Now operating under the leadership of Cathedral of Hope, Believe Out Loud aspires to be a more diverse space, specifically working to unite people of various faiths and religious experiences to find hope and reclaim their own experience of the Divine.
Victoria Anderson, former digital and creative content associate for Believe Out Loud, has now joined the staff of the Cathedral of Hope as Director of Content Development. “The Board and Staff of Believe Out Loud conducted a thorough and national search, including most major national LGBTQ nonprofits, to find the perfect home for our future. We are thrilled that the new home proved to be Cathedral of Hope, and I’m excited to join the Reverend Neil and the incredible staff of Cathedral.”

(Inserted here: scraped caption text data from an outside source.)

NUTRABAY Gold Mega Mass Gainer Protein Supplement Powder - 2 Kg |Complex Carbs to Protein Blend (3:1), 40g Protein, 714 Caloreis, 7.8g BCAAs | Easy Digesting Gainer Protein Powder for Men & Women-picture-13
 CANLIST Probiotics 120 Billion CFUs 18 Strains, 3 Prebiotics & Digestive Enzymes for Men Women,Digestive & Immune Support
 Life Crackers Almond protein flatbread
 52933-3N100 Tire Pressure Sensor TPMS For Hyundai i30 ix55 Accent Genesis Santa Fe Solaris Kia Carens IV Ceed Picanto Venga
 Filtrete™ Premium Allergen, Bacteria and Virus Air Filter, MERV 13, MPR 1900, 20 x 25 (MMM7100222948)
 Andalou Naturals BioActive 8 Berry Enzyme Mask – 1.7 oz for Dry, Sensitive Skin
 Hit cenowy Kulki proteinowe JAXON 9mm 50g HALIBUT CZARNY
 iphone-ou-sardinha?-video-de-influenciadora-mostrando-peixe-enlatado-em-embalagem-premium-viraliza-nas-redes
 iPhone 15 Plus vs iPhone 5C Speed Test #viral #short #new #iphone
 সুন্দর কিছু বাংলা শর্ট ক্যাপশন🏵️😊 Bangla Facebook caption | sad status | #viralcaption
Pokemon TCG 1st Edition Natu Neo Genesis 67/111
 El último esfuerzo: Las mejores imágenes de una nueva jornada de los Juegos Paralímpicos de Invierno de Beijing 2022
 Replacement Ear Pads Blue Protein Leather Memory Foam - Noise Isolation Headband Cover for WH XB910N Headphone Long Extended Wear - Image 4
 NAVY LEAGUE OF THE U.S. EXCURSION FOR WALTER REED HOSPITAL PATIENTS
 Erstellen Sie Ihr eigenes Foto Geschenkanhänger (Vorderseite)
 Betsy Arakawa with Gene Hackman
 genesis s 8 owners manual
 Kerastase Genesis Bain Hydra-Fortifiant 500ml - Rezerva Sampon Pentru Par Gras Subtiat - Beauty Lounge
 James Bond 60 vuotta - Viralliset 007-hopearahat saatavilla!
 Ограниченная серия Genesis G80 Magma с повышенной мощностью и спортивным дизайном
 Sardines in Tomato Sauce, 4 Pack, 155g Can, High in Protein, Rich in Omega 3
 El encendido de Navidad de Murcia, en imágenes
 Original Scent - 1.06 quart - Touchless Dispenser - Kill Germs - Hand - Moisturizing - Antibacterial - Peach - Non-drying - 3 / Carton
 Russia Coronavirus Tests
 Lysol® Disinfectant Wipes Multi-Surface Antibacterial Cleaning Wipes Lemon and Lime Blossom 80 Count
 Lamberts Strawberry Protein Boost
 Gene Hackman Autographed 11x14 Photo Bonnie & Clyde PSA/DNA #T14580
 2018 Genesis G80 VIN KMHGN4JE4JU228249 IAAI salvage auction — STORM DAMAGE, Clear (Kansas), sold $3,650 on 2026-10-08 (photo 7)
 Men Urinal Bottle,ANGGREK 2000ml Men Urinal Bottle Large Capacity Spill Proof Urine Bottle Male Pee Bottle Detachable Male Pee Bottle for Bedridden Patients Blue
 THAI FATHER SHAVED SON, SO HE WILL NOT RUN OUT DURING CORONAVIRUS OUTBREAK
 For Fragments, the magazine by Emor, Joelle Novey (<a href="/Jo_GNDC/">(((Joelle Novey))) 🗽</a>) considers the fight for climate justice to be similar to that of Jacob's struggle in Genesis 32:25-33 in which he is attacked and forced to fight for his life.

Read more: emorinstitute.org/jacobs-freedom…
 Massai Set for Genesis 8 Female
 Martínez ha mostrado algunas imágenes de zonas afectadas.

Believe Out Loud is a global digital community working to move all people toward an expansive, transformative understanding of divine love. We center and sanctify queer spirituality across our programs, from our online worship services led by LGBTQIA faith leaders to our grantmaking program supporting faith-driven LGBTQIA peacebuilders around the world. On our social media platforms, hundreds of thousands of queer people of faith and allies gather to experience affirmation of their divinity—and to heal from damaging societal messages that alienate the LGBTQIA community from spiritual resources.
One of our goals in our new mission and vision statement is to “connect the unconnected” and to increase our digital footprint locally, nationally, and internationally. Our alliance with Believe Out Loud will make this goal a reality and I am excited to watch and guide this new program as it integrates with the 51-year history of Cathedral of Hope.